• **Data supplied**:
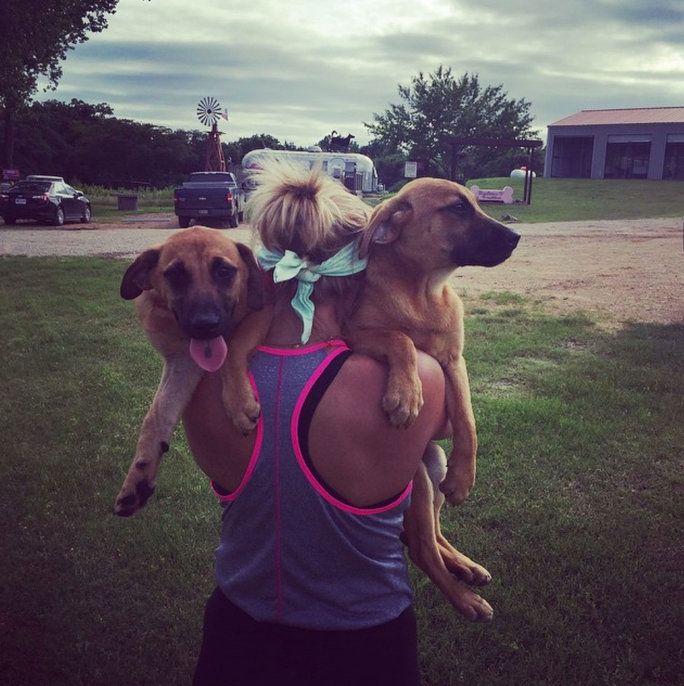 מירנדה Lambert and two rescue pups 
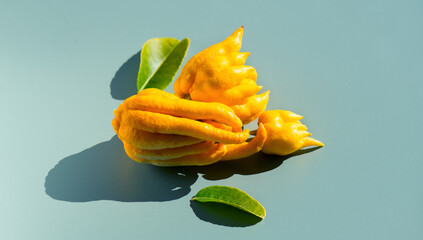 Buddha hand citrus fruit. Yellow Organic fingered citron, Buddha's hand citrus fruits with fingers of plant over blue background. Aromatherapy concept, top view. 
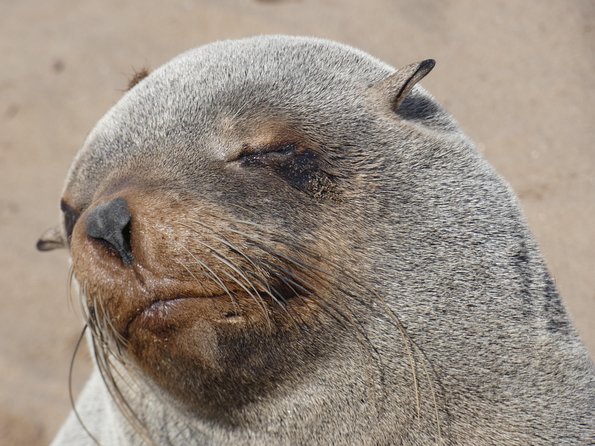 Swakopmund Cape Cross Seal Colony Day Tours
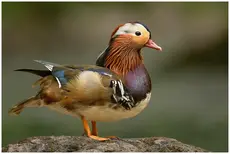 Mandarinente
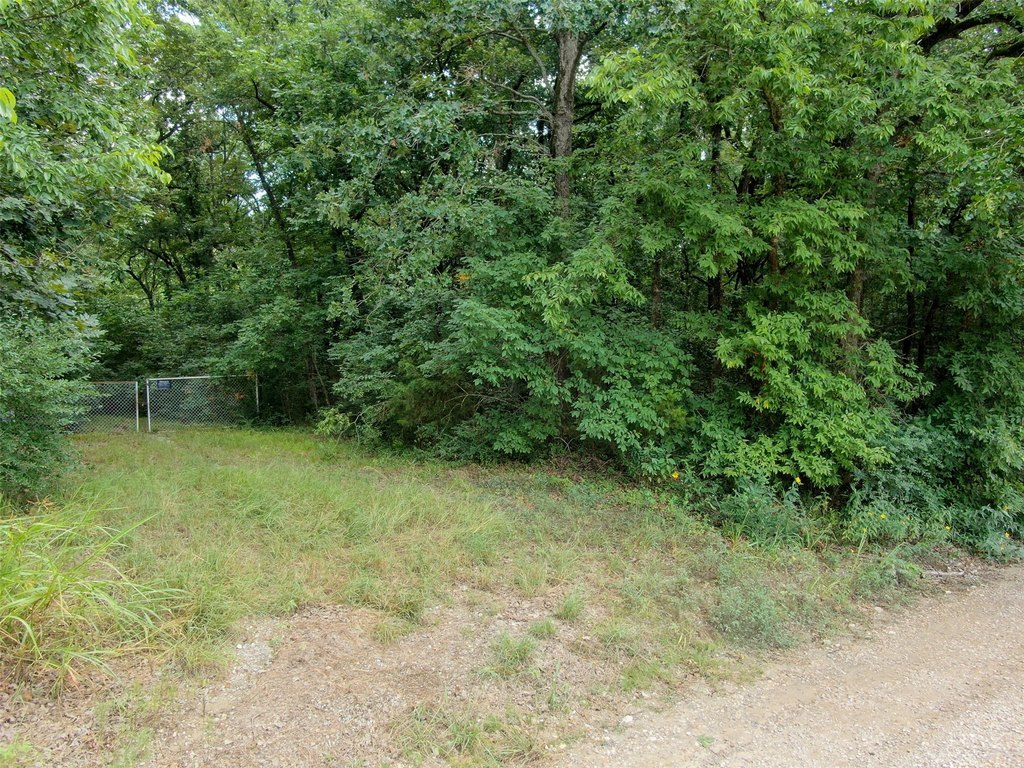 Picture 6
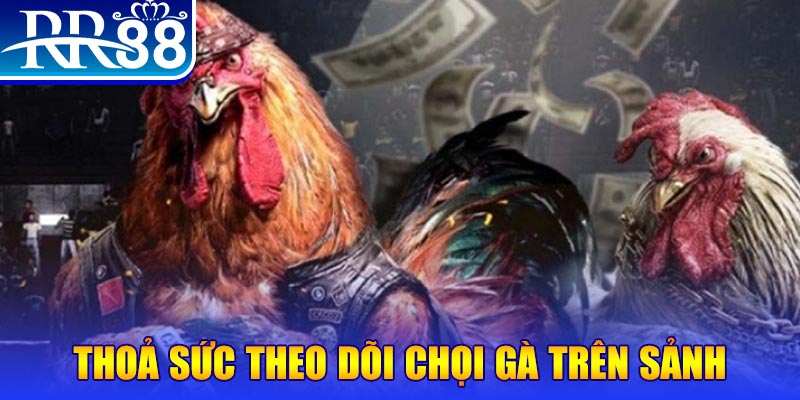 vtv5 đá gà 88.com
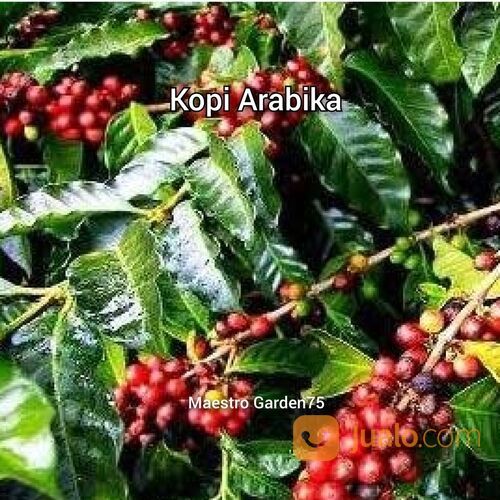 Kopi Bibit Sambung Pucuk Tinggi 1 Meter an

• **What is needed**:
Repeat the entries above exactly and skip the images.

• **The completed task**:
 מירנדה Lambert and two rescue pups 
 Buddha hand citrus fruit. Yellow Organic fingered citron, Buddha's hand citrus fruits with fingers of plant over blue background. Aromatherapy concept, top view. 
 Swakopmund Cape Cross Seal Colony Day Tours
 Mandarinente
 Picture 6
 vtv5 đá gà 88.com
 Kopi Bibit Sambung Pucuk Tinggi 1 Meter an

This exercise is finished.